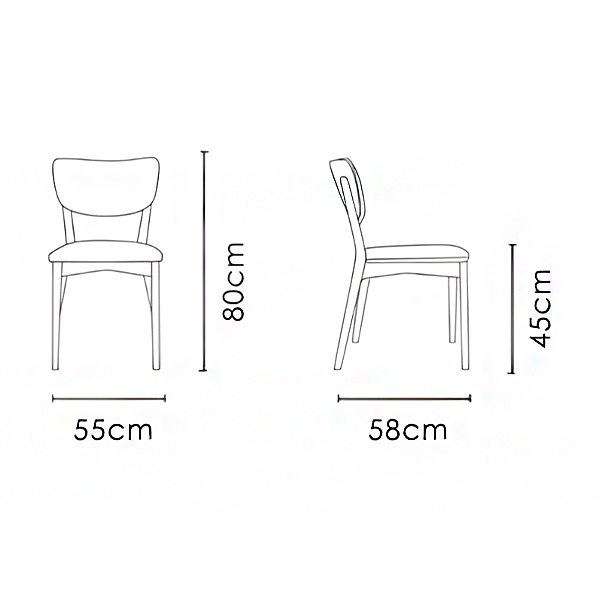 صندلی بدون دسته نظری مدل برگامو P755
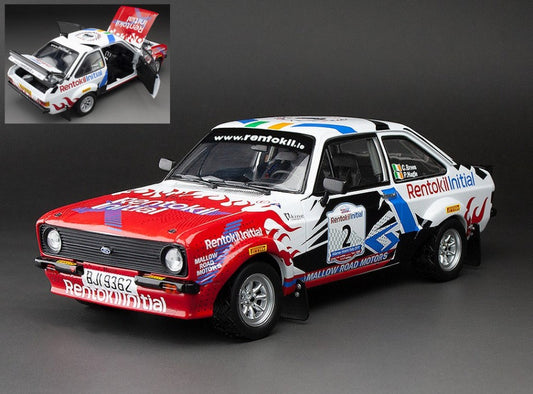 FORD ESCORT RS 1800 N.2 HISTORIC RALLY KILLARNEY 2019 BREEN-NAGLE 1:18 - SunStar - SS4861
++++++++++++++++++++
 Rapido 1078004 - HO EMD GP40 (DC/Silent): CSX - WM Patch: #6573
++++++++++++++++++++
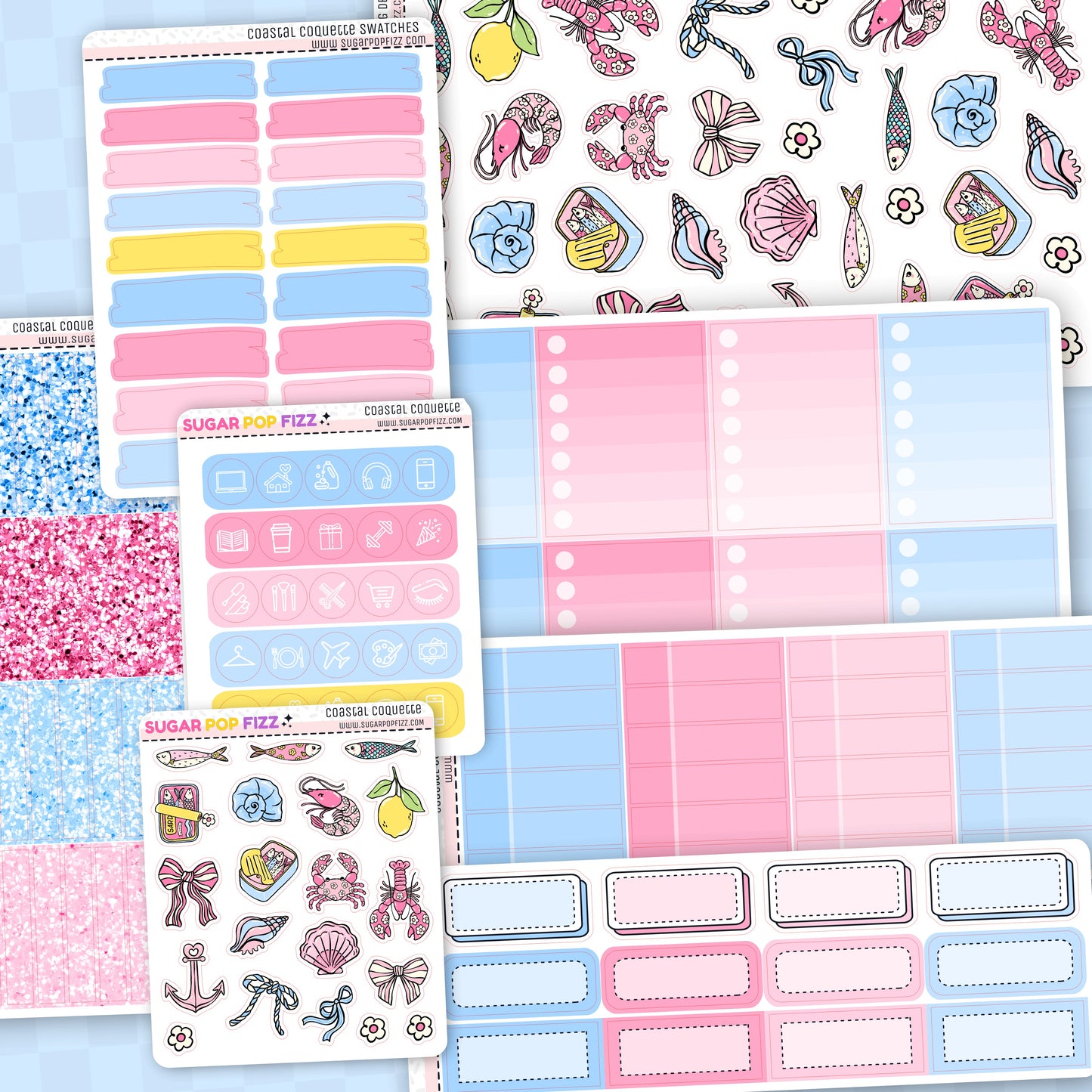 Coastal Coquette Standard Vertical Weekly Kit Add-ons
++++++++++++++++++++
Your objective:
Look above for the line containing "صندلی بدون دسته نظری مدل برگامو P755", then write out every line from there down to the line containing "FORD ESCORT RS", that line included, with no pictures.

Expected answer:
 صندلی بدون دسته نظری مدل برگامو P755
 FORD ESCORT RS 1800 N.2 HISTORIC RALLY KILLARNEY 2019 BREEN-NAGLE 1:18 - SunStar - SS4861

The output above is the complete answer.